Manipulating dynamic objects remains an open challenge for Vision-Language-Action (VLA) models, which, despite strong generalization in static manipulation, struggle in dynamic scenarios requiring rapid perception, temporal anticipation, and continuous control. We present DynamicVLA, a framework for dynamic object manipulation that integrates temporal reasoning and closed-loop adaptation through three key designs: 1) a compact 0.4B VLA using a convolutional vision encoder for spatially efficient, structurally faithful encoding, enabling fast multimodal inference; 2) Continuous Inference, enabling overlapping reasoning and execution for lower latency and timely adaptation to object motion; and 3) Latent-aware Action Streaming, which bridges the perception-execution gap by enforcing temporally aligned action execution. To fill the missing foundation of dynamic manipulation data, we introduce the Dynamic Object Manipulation (DOM) benchmark, built from scratch with an auto data collection pipeline that efficiently gathers 200K synthetic episodes across 2.8K scenes and 206 objects, and enables fast collection of 2K real-world episodes without teleoperation. Extensive evaluations demonstrate remarkable improvements in response speed, perception, and generalization, positioning DynamicVLA as a unified framework for general dynamic object manipulation across embodiments.

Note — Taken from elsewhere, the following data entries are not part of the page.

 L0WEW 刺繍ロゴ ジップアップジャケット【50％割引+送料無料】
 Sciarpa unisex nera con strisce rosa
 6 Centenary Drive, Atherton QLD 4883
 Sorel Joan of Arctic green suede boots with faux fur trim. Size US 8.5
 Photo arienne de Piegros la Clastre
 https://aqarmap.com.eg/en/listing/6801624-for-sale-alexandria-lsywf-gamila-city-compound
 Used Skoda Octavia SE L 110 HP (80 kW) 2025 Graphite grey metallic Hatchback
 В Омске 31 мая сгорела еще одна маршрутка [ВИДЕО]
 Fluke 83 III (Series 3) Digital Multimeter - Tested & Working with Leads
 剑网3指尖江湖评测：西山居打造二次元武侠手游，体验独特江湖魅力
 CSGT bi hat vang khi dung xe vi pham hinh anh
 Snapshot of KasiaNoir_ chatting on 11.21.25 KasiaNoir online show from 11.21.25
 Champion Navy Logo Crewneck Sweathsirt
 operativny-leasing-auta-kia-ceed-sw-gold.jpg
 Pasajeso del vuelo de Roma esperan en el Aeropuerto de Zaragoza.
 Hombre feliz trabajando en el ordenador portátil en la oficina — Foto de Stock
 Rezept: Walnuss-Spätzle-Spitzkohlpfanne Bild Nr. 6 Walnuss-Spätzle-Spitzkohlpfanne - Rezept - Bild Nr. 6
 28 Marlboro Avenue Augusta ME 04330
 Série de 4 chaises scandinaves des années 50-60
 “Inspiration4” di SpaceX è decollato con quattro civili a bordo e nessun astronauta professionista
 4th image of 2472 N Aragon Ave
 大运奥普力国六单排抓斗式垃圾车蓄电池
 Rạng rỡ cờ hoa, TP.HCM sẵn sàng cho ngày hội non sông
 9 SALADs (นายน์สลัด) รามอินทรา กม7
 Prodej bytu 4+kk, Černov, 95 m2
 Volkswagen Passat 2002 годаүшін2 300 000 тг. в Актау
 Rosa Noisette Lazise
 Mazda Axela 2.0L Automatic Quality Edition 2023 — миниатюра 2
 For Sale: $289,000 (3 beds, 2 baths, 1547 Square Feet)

翻译：操纵动态物体对视觉-语言-动作模型而言仍是一个开放挑战。尽管此类模型在静态操作任务中展现出强大的泛化能力，但在需要快速感知、时序预测与持续控制的动态场景中仍面临困难。本文提出DynamicVLA，这是一个面向动态物体操作的框架，通过三项关键设计整合了时序推理与闭环适应能力：1）采用卷积视觉编码器构建的紧凑型0.4B参数量VLA模型，实现空间高效且结构保真的编码，支持快速多模态推理；2）连续推理机制，通过重叠执行推理与动作以降低延迟，实现对物体运动的及时适应；3）潜在感知的动作流式执行，通过强制时序对齐的动作执行弥合感知与执行的间隙。为填补动态操作数据基础的空白，我们构建了动态物体操作基准数据集，该数据集通过自动化数据采集流程从零创建，高效收集了涵盖2.8K个场景、206类物体的20万条合成交互轨迹，并支持无需遥操作的2千条真实世界轨迹快速采集。大量实验表明，该方法在响应速度、感知能力与泛化性能上均取得显著提升，使DynamicVLA成为跨具身形态的通用动态物体操作统一框架。